How is the CPU of the server doing? Is it close to 100%? Can you get a couple of thread dumps to see what the JVM is doing? For Unix: kill -3 . For Windows: Ctrl-Break in the server window. The logged info will be stored in stdout.log.

Regards,

– Gato

How is the CPU of the server doing? Is it close to

100%? Can you get a couple of thread dumps to see

what the JVM is doing? For Unix: kill -3 .

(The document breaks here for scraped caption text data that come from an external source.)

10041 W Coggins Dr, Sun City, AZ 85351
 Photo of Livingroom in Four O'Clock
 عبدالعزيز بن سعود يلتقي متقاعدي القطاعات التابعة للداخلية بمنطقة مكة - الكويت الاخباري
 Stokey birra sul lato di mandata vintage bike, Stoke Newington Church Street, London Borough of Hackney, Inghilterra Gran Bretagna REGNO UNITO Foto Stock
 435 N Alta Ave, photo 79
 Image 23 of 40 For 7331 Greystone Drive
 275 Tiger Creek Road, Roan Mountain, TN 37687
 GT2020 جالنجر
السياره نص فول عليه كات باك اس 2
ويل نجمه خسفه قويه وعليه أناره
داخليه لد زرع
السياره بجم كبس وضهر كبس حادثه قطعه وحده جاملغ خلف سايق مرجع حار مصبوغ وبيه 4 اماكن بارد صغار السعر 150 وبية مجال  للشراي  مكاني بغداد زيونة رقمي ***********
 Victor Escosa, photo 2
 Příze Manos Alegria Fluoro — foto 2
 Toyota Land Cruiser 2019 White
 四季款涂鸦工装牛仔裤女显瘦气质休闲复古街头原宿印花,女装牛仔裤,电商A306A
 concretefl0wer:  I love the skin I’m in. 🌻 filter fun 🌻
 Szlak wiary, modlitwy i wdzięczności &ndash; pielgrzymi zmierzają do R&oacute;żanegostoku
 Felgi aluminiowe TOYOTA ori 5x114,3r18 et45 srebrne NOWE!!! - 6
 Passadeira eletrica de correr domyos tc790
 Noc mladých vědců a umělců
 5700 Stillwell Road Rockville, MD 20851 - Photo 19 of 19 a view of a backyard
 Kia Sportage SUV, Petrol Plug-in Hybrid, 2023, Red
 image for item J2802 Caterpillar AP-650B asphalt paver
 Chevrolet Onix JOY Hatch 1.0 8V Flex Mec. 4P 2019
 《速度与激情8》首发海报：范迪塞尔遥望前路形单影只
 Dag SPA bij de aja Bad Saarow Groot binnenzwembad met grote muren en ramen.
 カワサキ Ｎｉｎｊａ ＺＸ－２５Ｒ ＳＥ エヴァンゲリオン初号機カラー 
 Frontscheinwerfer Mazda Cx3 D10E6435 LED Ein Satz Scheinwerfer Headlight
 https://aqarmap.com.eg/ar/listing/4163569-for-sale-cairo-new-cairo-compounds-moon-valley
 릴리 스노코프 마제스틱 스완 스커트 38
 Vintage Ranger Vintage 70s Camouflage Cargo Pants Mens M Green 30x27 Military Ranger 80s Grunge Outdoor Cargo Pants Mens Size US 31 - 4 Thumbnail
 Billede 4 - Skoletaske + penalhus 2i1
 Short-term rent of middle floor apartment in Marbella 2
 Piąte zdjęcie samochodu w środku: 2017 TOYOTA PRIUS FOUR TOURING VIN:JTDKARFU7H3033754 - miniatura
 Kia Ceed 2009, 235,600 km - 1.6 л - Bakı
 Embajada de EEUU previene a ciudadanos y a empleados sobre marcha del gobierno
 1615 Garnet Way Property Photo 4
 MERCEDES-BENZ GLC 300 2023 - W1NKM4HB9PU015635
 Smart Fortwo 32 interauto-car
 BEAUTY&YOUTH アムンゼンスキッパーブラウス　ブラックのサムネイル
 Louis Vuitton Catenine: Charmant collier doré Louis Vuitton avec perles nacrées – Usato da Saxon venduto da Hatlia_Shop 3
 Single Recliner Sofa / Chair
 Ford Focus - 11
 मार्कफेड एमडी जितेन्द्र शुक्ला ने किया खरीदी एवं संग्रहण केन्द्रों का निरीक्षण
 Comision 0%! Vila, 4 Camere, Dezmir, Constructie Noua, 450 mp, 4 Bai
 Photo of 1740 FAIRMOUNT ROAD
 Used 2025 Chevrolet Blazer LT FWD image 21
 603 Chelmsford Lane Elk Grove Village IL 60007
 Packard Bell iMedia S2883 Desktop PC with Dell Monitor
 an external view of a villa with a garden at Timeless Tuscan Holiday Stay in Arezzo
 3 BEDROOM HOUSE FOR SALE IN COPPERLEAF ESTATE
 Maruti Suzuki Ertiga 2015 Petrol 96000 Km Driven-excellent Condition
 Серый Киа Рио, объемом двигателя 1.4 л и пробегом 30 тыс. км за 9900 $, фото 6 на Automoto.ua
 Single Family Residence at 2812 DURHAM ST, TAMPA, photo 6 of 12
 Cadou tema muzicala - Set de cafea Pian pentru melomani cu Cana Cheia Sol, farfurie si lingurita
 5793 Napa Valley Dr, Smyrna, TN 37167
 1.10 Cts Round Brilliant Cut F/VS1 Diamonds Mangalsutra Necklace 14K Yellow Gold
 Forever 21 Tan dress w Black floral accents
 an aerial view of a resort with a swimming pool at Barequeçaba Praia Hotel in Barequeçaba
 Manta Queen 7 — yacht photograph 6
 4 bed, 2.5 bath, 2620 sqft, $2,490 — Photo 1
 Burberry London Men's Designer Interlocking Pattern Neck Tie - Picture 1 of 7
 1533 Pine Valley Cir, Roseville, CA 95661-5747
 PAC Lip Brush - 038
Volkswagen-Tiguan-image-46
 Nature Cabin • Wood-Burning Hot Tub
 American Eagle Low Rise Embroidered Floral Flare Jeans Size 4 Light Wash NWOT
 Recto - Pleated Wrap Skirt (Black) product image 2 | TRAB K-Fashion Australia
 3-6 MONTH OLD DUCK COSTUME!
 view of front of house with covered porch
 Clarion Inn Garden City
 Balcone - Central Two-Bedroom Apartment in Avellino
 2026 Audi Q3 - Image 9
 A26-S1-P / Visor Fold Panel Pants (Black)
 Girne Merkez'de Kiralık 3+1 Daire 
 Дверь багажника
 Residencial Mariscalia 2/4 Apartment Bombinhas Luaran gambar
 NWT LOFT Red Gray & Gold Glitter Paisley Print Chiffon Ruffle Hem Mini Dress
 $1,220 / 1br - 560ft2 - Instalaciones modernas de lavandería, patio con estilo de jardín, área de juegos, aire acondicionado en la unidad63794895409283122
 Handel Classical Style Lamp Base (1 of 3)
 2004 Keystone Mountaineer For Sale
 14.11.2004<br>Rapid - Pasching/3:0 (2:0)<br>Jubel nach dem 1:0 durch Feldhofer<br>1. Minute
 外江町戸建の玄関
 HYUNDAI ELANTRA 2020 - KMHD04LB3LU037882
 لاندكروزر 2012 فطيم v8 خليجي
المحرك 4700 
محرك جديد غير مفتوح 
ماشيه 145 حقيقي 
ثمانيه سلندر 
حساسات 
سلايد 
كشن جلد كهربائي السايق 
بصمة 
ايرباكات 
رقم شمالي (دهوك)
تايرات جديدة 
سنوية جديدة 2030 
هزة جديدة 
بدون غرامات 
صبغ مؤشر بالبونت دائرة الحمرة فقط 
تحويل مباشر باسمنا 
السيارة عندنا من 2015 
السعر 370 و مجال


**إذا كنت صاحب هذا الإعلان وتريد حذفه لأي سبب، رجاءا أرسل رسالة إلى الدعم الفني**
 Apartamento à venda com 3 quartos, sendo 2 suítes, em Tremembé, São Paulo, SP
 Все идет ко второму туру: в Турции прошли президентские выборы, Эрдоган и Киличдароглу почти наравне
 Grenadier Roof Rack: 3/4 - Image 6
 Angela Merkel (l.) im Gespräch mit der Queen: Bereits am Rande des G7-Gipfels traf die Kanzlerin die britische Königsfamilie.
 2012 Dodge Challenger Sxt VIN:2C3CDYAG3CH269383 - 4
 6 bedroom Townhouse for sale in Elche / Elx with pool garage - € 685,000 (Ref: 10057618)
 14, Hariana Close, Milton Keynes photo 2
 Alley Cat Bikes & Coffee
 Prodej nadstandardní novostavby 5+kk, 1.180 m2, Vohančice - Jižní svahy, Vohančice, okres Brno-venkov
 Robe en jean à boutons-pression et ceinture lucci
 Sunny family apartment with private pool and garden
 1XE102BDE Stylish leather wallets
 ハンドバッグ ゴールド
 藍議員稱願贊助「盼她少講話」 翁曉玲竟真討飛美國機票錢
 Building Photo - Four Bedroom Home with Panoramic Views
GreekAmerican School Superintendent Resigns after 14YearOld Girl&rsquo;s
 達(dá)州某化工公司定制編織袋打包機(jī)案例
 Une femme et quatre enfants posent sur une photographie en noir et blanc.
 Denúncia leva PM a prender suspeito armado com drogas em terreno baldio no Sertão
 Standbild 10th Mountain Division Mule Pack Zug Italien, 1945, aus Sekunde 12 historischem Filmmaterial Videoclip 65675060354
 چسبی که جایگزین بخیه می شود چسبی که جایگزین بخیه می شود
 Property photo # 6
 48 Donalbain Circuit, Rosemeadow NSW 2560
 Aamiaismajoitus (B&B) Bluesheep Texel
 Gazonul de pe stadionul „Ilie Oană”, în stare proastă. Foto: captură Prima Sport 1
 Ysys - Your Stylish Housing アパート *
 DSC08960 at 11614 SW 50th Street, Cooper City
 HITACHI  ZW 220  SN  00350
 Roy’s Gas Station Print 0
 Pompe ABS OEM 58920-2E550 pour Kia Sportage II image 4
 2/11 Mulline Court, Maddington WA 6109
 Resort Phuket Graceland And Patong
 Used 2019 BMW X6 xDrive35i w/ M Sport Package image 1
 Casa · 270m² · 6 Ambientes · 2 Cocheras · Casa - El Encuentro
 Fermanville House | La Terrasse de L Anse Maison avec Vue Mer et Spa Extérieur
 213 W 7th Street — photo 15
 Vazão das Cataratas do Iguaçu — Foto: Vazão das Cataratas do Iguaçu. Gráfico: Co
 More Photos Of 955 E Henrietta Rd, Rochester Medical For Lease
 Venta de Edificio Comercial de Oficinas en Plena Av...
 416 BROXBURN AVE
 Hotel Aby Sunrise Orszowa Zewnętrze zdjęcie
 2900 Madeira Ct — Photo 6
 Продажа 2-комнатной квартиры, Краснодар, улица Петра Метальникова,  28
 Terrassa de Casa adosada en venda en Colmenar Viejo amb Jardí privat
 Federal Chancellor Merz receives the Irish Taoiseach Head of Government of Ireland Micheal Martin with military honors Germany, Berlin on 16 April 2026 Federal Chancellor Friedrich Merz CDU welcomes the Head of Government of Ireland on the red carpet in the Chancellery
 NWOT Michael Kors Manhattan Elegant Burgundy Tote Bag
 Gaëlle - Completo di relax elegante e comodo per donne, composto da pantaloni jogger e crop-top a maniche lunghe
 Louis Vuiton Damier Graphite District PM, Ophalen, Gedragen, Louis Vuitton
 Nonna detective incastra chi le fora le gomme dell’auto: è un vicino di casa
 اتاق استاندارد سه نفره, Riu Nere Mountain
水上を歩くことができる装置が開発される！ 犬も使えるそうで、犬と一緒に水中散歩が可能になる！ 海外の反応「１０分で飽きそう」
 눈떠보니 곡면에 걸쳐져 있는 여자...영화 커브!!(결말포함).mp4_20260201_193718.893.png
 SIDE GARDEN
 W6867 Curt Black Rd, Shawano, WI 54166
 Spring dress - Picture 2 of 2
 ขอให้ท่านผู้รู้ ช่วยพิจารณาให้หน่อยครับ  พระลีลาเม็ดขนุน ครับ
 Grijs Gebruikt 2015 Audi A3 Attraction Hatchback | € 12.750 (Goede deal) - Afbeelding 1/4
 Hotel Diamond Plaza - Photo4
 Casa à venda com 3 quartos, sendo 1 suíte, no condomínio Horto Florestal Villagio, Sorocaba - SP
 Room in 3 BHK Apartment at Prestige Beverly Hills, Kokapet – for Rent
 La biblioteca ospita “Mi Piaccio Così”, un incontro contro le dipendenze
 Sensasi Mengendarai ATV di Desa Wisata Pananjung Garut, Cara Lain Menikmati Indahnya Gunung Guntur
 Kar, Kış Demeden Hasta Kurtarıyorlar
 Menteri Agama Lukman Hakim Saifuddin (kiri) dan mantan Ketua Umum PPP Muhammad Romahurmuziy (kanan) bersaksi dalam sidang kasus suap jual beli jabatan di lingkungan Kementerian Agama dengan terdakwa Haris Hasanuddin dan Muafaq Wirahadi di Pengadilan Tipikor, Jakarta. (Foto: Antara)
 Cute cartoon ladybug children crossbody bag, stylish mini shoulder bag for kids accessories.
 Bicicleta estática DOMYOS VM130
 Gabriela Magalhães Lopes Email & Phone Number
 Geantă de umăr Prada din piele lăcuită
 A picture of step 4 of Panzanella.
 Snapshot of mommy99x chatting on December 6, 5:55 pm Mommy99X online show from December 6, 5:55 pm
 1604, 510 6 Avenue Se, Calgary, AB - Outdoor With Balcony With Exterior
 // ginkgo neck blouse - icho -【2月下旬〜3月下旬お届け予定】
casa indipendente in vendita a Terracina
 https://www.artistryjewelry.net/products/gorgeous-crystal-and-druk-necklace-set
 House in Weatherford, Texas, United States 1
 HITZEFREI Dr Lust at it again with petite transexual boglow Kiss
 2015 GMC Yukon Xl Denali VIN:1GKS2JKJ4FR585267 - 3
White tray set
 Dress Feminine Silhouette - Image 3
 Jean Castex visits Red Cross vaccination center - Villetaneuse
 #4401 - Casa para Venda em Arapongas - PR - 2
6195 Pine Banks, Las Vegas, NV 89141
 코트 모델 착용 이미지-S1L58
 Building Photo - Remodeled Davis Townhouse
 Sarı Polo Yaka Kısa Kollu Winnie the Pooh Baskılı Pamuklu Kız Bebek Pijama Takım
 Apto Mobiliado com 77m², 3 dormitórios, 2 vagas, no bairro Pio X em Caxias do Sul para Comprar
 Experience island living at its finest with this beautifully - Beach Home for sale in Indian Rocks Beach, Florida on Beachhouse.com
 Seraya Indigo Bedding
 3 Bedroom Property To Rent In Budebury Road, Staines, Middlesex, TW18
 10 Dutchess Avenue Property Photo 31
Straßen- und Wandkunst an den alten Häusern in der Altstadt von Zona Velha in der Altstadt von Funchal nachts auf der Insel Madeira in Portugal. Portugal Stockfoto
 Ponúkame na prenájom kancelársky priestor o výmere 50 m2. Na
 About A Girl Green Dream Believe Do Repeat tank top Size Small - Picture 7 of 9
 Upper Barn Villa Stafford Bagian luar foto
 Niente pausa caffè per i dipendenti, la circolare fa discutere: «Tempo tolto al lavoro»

For Windows: Ctrl-Break in the server window. The

logged info will be stored in stdout.log.

Gato

Can you define server window.

thanks

loonybin88

Hey loonybin88,

I just wrote this document[/url] that explains how to obtain a thread dump. Let me know if you have further questions.

Regards,

– Gato

In this particular instance, the load was fine but we did catch it right away. Previous occurances coincided with huge spikes in CPU load which was initially what caught our attention and was why we were watching the server so closely today. It may be that the load builds the longer the server is hung.

Hey Brian,

In that case another thing to monitor is GC activity of the JVM. You can enable -verboseGC to track the time the JVM spent doing Garbage Collection. If you have a multiprocessor server then you may want to enable parallel GC if that is not the default.

Other useful links:

http://java.sun.com/performance/reference/whitepapers/tuning.html

http://java.sun.com/docs/hotspot/gc5.0/gc_tuning_5.html

Regards,

– Gato

Hi,

it’'s -verbose:gc and not -verboseGC and one should mention http://www.tagtraum.com/gcviewer.html as this seems to more suitable for production systems while your links may be too detailed.

LG

We captured the thread dumps and logs from another lockup this morning. Is there someplace I can upload the tarball?

BTW, our current thinking is that it might be TLS-related. We’'re now running our server with TLS disabled and using SSL instead to see if it helps any.

Hey Bryan,

Feel free to send them to me by email. I will review them. BTW, which server version are you using?

Thanks,

– Gato